Antes mesmo do surgimento da Filosofia como tal – não aquela que se expôs, mas a Filosofia que surgiu na Grécia, tal qual se concebe nos dias atuais – as preocupações dos gregos foram inicialmente cosmogônicas e cosmológicas, ou seja, num primeiro momento, suas explicações para si e para o mundo vertiam das orientações repassadas, via oral, através dos tempos, histórias de mitos e de deuses. Com o advento do saber Filosófico, voltaram-se à perquirição da origem das coisas, buscavam encontrar o princípio de todas as coisas, a unidade básica da natureza, o tijolo com que a Divindade teria criado todo o cosmos sem-fim.

Sendo a Cidade-Estado a característica organizacional mais marcante daquele povo à época, fruto talvez do determinismo geográfico, pois o território montanhoso dificultava a aproximação entre as gentes das diferentes localidades, inexistia uma unidade grega. E, assim, não podemos afirmar que as mudanças de enfoque, do plano mítico ao filosófico, se tenham dado em todo o território de uma maneira uniforme, eis que nalgumas cidades prevaleciam ainda explicações míticas, enquanto noutros locais já se explorava a tentativa racional. Por ser uma região de litoral recortado, polvilhado de ilhas, e com um sem-número de portos naturais, acorreram à Ática comerciantes e colonos de todo o mundo até então conhecido, vindo com eles todas as novas concepções de vida e mundo, sorvendo os gregos inúmeras de suas idéias da chamada sabedoria oriental (no que concebemos seja Filosofia Oriental), dos conhecimentos dos iniciados egípcios e mesmo dos frutos da Magna Grécia. Eis o que possibilitou assim todo o fervilhar do caldo cultural que deu origem à Filosofia Grega. Tal processo se principiou com as invasões dóricas, a partir do séc. XII a.C., havendo, em decorrência disso, a paulatina queda da civilização micênica (patriarcal, agrícola e centrada nas gens – gentílica pois), e o conseqüente advento das Cidades-Estado, primeiramente nas colônias gregas da Ásia Menor, para onde fugiram os aqueus, formando centros culturais e econômicos, e somente depois nas regiões mais centrais da Ática [35].

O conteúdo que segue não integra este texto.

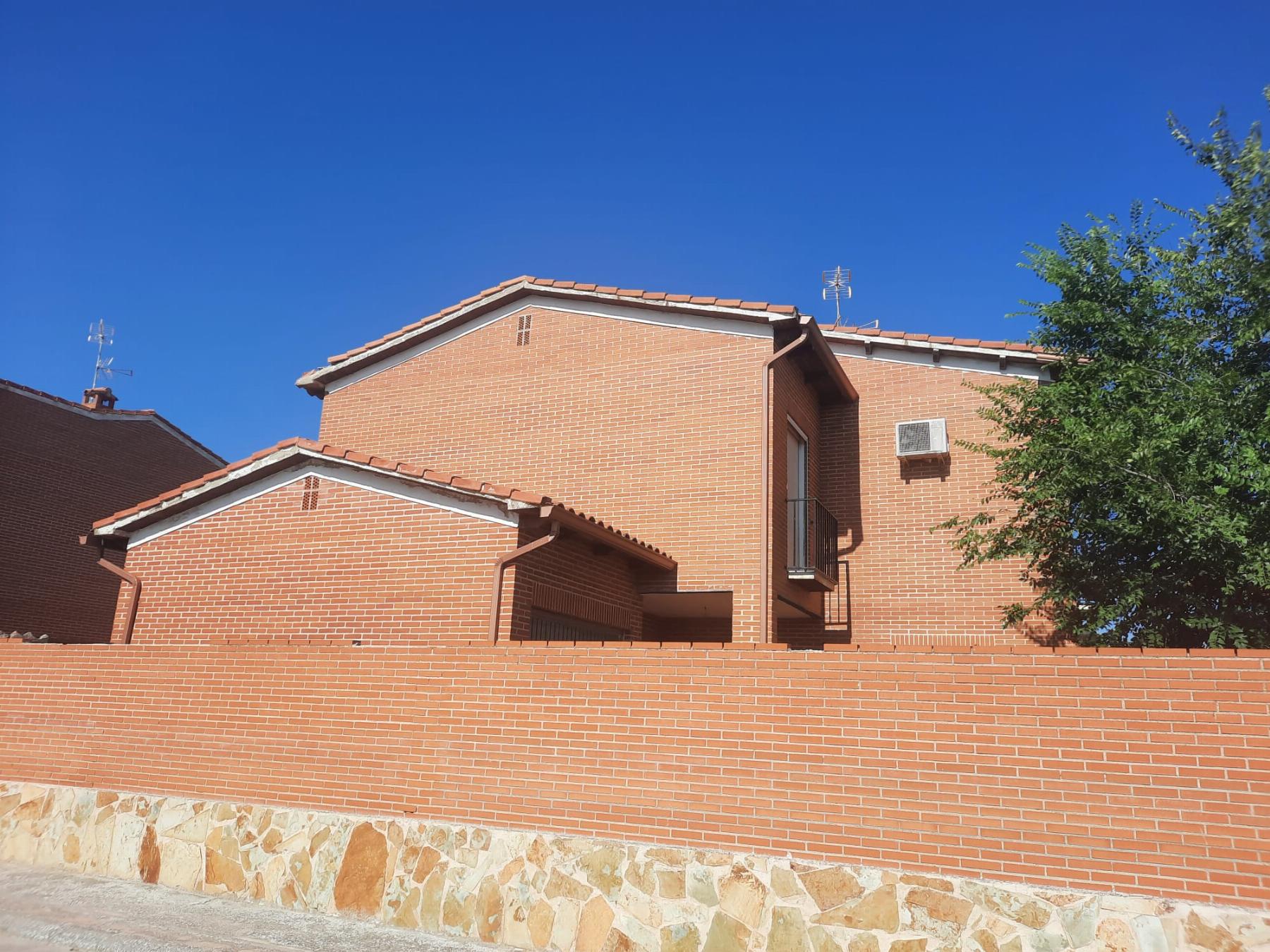 Venta de chalet en Alcabón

E, se não podemos precisar tenha a Filosofia como a conhecemos surgido efetivamente na Grécia, podemos dizer, seguramente, que, ao menos para o mundo ocidental, os filósofos pré-socráticos é que fundaram o marco da substituição do foco religioso-mítico pelo científico-filosófico. Ora, os primeiros pensadores gregos – e entendemos, aqui, por pensadores, os primeiros filósofos propriamente ditos, ou os precursores da Filosofia – centravam-se na busca da origem do universo, do mundo e, por conseguinte, deles mesmos, além das causas das transformações da Natureza. Estas vêm a ser as principais preocupações dos pré-socráticos, donde receberam a alcunha de Filósofos da Natureza, "porque se interessavam sobretudo pela natureza e pelos processos naturais. (...) A maior parte de tudo o que os filósofos da natureza disseram e escreveram ficou perdida para a posteridade. E a maior parte do pouco que sabemos está nos escritos de Aristóteles, que viveu duzentos anos depois dos primeiros filósofos." [36] E foi justamente sobre o pensamento aristotélico que se fundou o primeiro paradigma de mundo que vamos analisar, ora chamado, paradigma pré-moderno.

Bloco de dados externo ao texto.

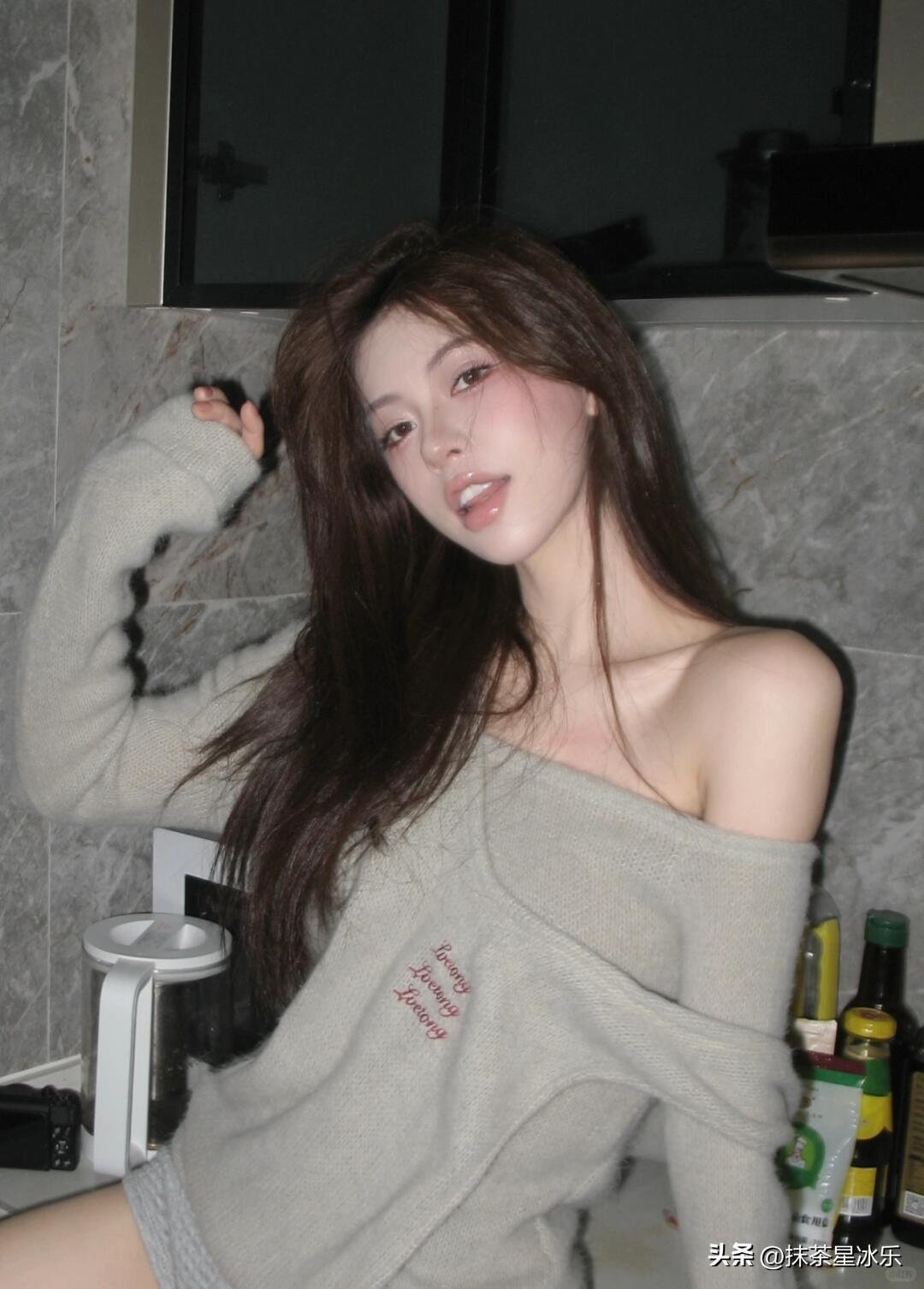 居家穿搭穿搭 女生怎么穿搭会看上去很优雅? 高级感穿搭，温柔风穿搭。 女生怎么穿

Vale dizer, de já, que a palavra Filosofia significa amizade ao saber, amor ao saber, e jamais sua detenção ou posse. Não se sabe precisamente se foi inicialmente usada por Pitágoras, de Samos, ou por Tales, de Mileto. Certo é que ambos são considerados os pais da Filosofia.

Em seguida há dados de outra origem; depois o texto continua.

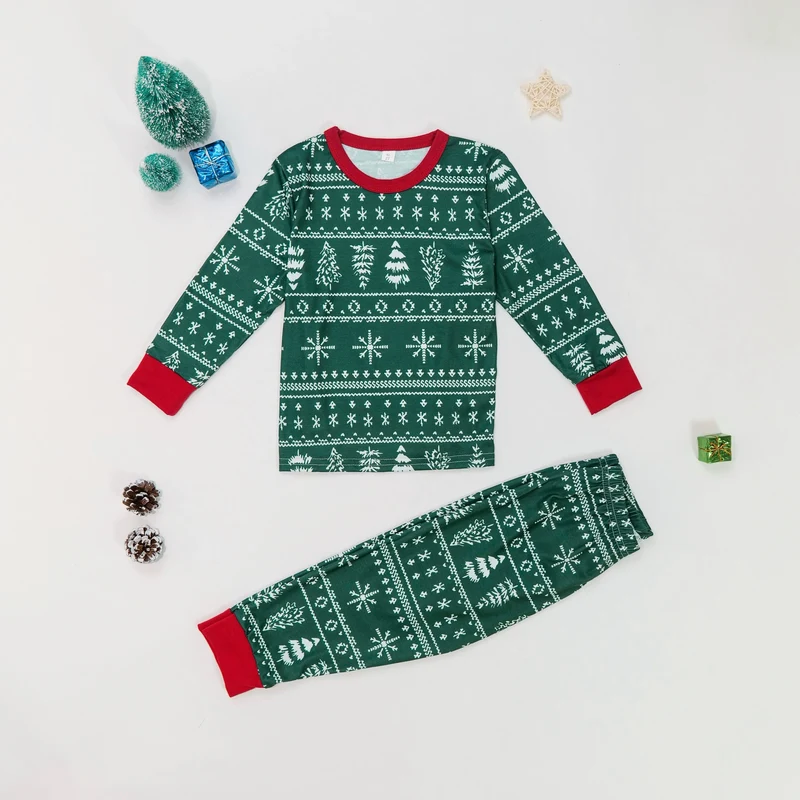 Grüner Weihnachtspyjama für Paare
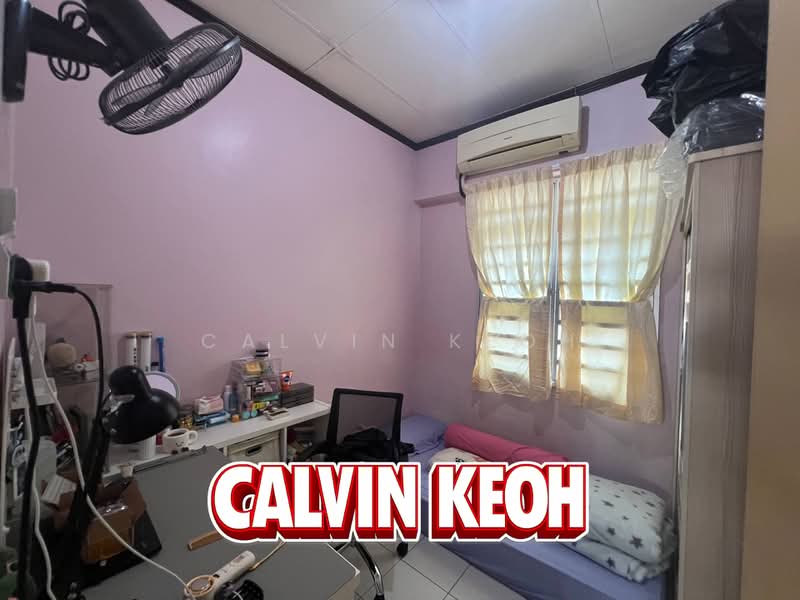 Pangsapuri untuk Dijual di Sri Aman Block C (Sri Aman Block 1 & 3) - Calvin Keoh - Bedroom - PropertyGuru.com.my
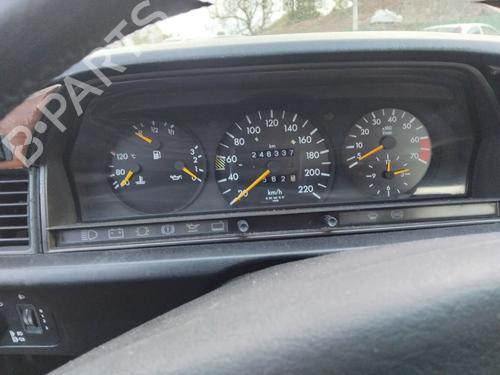 Used Instrument cluster Instrument cluster MERCEDES-BENZ 190 (W201) E 2.0 (201.024) (122 hp) 33627125 33627125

Apenas como mera notícia, já que não se constitui o objetivo central e imediato da presente perquirição, vale frisar que os pré-socráticos se agrupavam em quatro escolas, são elas: a escola jônica, a escola itálica, a escola eleática e a escola atomística. Não se considera os sofistas uma escola filosófica, uma vez que, os sofistas eram "indivíduos independentes, muito diversos por origem, cultura e procedimento didático" [37], diferentemente do que ocorria nas demais escolas. Na escola jônica, figuram, entre outros: Tales, Anaximandro, Anaxímenes, Heráclito, Empédocles e Anaxágoras. Segundo o Pe. Leonel Franca, os três primeiros são ditos jônios antigos, enquanto os três últimos jônios posteriores. [38] A escola itálica tem entre seus principais representantes Pitágoras, Filolau, Árquitas, Lysis, Hipasus, Cimias, Cebes, Hicetas e Alcmeon. A escola eleática possui como seus principais propagadores Xenófanes, Parmênides, Zenão, Melisso, entre outros. A escola atomística, por sua vez, é composta por Leucipo e Demócrito.

Tales de Mileto (624-548 a.C.), fenício de origem e fundador da escola jônica, procurava um princípio primeiro, um elemento gerador de todas as coisas na Natureza como forma de melhor caracterizá-la, ou seja, queria encontrar aquilo que une o homem e tudo o que há ao Mundo Natural. Na ausência de uma melhor palavra e/ou matéria para designar a physis [39] – esse elemento primordial do universo, princípio subjacente a todas as coisas na Natureza, substância básica a partir da qual tudo teria sido feito, consubstanciando mesmo o modo como os gregos viam a própria Natureza – propôs a água como substitutivo metafórico para aquilo que percebera presente em todas as coisas mais e que ligava o homem à natureza, sua origem comum. Todavia, não havendo palavra hábil a dar-lhe compreensão exata do que queria expressar, Tales se viu forçado a fazer uso da palavra e da idéia água para fornecer uma melhor aproximação daquilo que concebia como physis, fazendo-se compreender melhor, uma vez que a água, como ela, estava presente em tudo, unia a tudo. Assim, o fato de Tales dizer que a physis para ele era a água, trata-se apenas de uma metáfora. Antes de ser uma explicação material para o surgimento das coisas, como afirmara Aristóteles, era uma explicação metafísica. A cosmologia de Tales é, portanto, baseada na água como physis, ou seja, como elemento primordial eterno (hilozoísmo). Para Tales, "todas as coisas estão cheias de deuses [espíritos] [40]", nisso reside o termo ‘hilozoísmo’, que é matéria animada ou vivificada. Com a expressão ‘pelos espíritos ou deuses’ Tales quer dizer que regulam o mundo, que há vida na matéria, e não propriamente um retorno ao mito, apenas uma alusão à regulação da ordem natural, que ela é viva, e se rege através de normas e leis reguladoras.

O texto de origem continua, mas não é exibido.